Italian Franco Zeffirelli is one of the great opera directors of the 20th century.
Born on Feb. 12, 1923, in Florence Italy, he lost his mother at age six. He graduated the Accademia di Belle Arti Firenze in 1941 and fought during World War II. Once the war ended he resumed his studies. He initially set out to study art and architecture, but eventually switched to directing theater.
He was hired by Luchino Visconti and worked with him on a few projects; Visconti’s techniques would have a lasting impact on Zeffirelli.
He directed his first film “The Taming of the Shrew” in 1967 and a year later had a breakthrough with “Romeo and Juliet.” He started his opera career earlier, in the 1950s and had worked with a number of major artists throughout his career. He famously created a few productions for Maria Callas.
He was given honorary knighthood in 2004.
Zeffirelli has directed a plethora of renowned productions, all known for their intense attention to detail and verisimilitude.

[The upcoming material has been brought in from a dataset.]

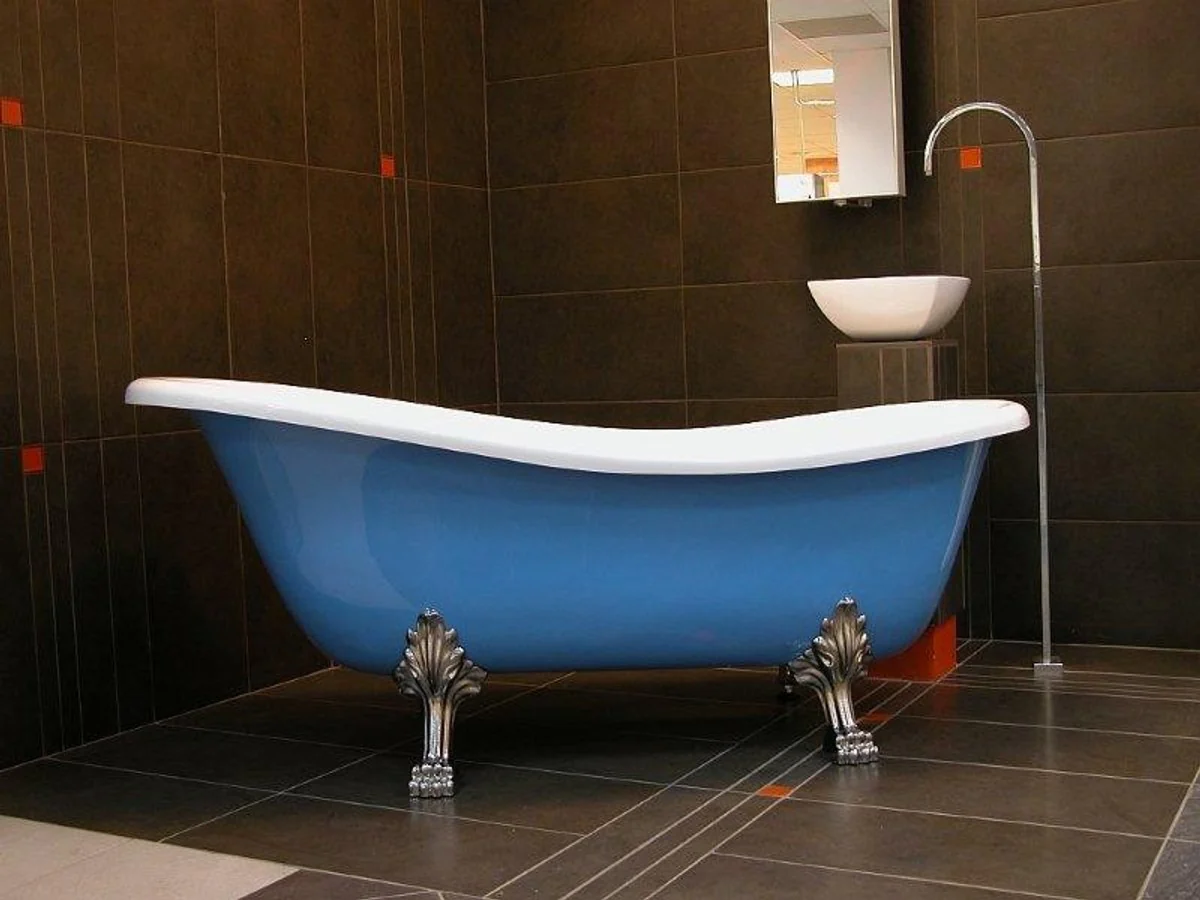Freestanding luxury bathtub Art Nouveau Roma light blue/white/chrome 1470mm - Baroque antique bathroom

Perhaps, no production is more iconic that his take on “La Bohème.” This production is best-known at the Metropolitan Opera, where it still stands since the early 1980s.
He also directed a number of operas on film, most famously Verdi’s “La Traviata” and “Otello,” both of which received Academy Award nominations.
He also made the famed film adaptation of “Romeo and Juliet,” for which he was nominated for the Oscar.